Dataset extract Block Start

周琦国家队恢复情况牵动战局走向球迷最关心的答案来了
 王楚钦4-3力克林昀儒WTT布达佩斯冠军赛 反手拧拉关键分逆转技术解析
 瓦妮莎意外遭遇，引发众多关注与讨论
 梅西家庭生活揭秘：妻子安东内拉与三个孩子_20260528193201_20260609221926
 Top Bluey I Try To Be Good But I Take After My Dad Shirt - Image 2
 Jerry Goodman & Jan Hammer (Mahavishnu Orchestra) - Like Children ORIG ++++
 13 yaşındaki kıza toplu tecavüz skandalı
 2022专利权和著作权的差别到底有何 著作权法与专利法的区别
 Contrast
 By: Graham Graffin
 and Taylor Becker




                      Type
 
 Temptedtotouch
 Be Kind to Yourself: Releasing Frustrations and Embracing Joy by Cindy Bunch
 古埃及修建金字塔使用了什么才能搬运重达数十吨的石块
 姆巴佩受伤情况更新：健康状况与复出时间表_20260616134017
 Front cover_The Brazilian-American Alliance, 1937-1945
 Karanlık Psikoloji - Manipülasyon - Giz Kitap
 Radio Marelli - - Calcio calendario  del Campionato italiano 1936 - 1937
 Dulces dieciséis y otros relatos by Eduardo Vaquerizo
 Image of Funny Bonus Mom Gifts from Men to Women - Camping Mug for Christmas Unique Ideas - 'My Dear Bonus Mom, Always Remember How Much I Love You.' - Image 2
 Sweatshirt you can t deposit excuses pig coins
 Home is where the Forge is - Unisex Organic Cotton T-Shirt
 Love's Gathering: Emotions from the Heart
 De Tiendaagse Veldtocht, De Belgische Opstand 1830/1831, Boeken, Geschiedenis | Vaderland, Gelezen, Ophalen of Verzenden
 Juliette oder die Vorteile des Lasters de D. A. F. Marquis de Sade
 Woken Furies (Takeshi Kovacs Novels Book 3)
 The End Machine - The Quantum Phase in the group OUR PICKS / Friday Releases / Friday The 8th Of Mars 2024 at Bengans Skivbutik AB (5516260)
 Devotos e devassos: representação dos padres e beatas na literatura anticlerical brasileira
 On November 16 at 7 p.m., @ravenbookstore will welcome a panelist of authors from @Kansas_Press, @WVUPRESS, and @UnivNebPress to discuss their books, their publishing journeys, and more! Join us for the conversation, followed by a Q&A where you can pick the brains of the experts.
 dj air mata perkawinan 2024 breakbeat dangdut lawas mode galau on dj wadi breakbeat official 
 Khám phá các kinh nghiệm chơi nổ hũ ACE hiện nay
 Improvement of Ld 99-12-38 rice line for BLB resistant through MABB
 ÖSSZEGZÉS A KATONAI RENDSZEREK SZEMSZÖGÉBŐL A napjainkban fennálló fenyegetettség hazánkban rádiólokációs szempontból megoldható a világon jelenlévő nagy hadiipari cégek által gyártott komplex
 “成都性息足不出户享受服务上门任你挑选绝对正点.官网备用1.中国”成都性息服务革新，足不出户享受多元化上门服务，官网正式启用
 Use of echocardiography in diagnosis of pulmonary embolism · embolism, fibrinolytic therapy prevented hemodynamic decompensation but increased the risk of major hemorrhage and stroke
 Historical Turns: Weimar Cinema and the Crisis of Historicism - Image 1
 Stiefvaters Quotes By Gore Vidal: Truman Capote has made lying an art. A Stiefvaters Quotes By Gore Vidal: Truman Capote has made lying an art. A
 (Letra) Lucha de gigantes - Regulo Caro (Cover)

Dataset extract Block End

## Instructions for the task
Retype, in the same exact form, the lines of the material above from the line holding "古埃及修建金字塔使用了什么才能搬运重达数十吨的石块" through the line holding "Devotos e devassos: representação".

## Solution to the problem
 古埃及修建金字塔使用了什么才能搬运重达数十吨的石块
 姆巴佩受伤情况更新：健康状况与复出时间表_20260616134017
 Front cover_The Brazilian-American Alliance, 1937-1945
 Karanlık Psikoloji - Manipülasyon - Giz Kitap
 Radio Marelli - - Calcio calendario  del Campionato italiano 1936 - 1937
 Dulces dieciséis y otros relatos by Eduardo Vaquerizo
 Image of Funny Bonus Mom Gifts from Men to Women - Camping Mug for Christmas Unique Ideas - 'My Dear Bonus Mom, Always Remember How Much I Love You.' - Image 2
 Sweatshirt you can t deposit excuses pig coins
 Home is where the Forge is - Unisex Organic Cotton T-Shirt
 Love's Gathering: Emotions from the Heart
 De Tiendaagse Veldtocht, De Belgische Opstand 1830/1831, Boeken, Geschiedenis | Vaderland, Gelezen, Ophalen of Verzenden
 Juliette oder die Vorteile des Lasters de D. A. F. Marquis de Sade
 Woken Furies (Takeshi Kovacs Novels Book 3)
 The End Machine - The Quantum Phase in the group OUR PICKS / Friday Releases / Friday The 8th Of Mars 2024 at Bengans Skivbutik AB (5516260)
 Devotos e devassos: representação dos padres e beatas na literatura anticlerical brasileira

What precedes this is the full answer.